Şahin, dosyalarının tamamen bir FETÖ kurgusu olduğunu dile getirerek, şunları söyledi: "Dosyamız tamamen FETÖ mahsulü, kurgu olan bir dosyaydı ama bugüne geldiğimizde maalesef Anadolu 11'inci Ağır Ceza Mahkemesi bu dosya hakkında karar verdi. Dosyayı oluşturan FETÖ iken dosya FETÖ ile mücadele edildiği bir dönemde karara bağlandı. Dosyalarımız gündem oldu. Vicdan sahibi sivil toplum kuruluşu yetkilileri, gazeteci ve yazarlar bunu gündeme taşıdı. Bizi arayanlar oldu, desteklerini bildirenler oldu. Kendilerine teşekkür ediyorum. Fakat asıl araması gerekenlerden, hükümet yetkililerinden şu ana kadar bizi arayan olmadı. Biz birebir bu cezanın arkasında iktidarın olduğunu düşünmüyoruz. Türkiye, devlet içerisinde çok karanlık güçlerin, derin güçlerin olduğu, zaman zaman bu derin güçlerin sebep olduğu mağduriyetlerin yaşandığı bir ülke. 28 Şubat Dönemi'ni yaşadık. O dönemde de bize layık görülen dört duvar arasıydı. Sonra AK Parti-FETÖ iş birliğinin olduğu dönemde de bize layık görülen dört duvar arası oldu. Bugün darbe sonrası FETÖ'den kurtulduk denilen bir zamanda bize tekrardan dört duvar arasını yol gösterdiler."

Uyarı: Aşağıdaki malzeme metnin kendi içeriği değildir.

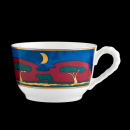 Afrique Kaffeetasse Neuware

Türkiye'de yargı, emniyet ve ordunun içerisinde sürekli derin güçlerin bulunduğu söyleyen Şahin, "Türkiye temize çıkmış bir ülke değil. Yargısı, emniyeti ve ordusu içerisinde sürekli derin güçlerin yer aldığı bir ülke. Burada iktidarı temize çıkarmak da doğru değil. İktidar da zaman zaman siyasi ittifaklarla bu derin güçlerin önünü açmış. Geçmişte Ergenekon, Balyoz ve Jitem gibi o günün derin devletine karşı Gülen grubu ile ortak hareket etti. Gülen grubu yol buldu, devlete yerleşti, derine dönüştü. Bugün de Gülen grubuna karşı eski Kemalist ulusalcı kesim ile bir kısım ittifaklar kurulduğu ve bu grupların devlet içerisinde güç bulduğu endişesi var maalesef. Bunlar da hükümetin sorumluluğunda gerçekleşen gelişmeler. Nihayetinde bu ülkede bir zulüm yaşanıyorsa bunun sorumluluğu iktidardadır ve iktidar aciz değildir. Yakın tarihte çok daha büyük dosyalar kumpasla oluşturulmuş değil. Belki bir şekilde uydurulmuş delillerin konulduğu ve masum insanların ilişkilendirildiği dosyalar olabilirler. Ama gerçekten özünde darbenin olduğu Jitem, Ergenekon ve Balyoz gibi dava dosyalarının siyasi iradenin kararıyla nasıl bir gecede tahliyelerle sonuçlandığını, tazminat davalarıyla karara bağlandığını ve siyasi iktidarın gücünü biz oralarda gördük." ifadelerini kullandı.
"İktidar, istese bu gibi adaletsizliğin olduğu dosyalara müdahale edebilir"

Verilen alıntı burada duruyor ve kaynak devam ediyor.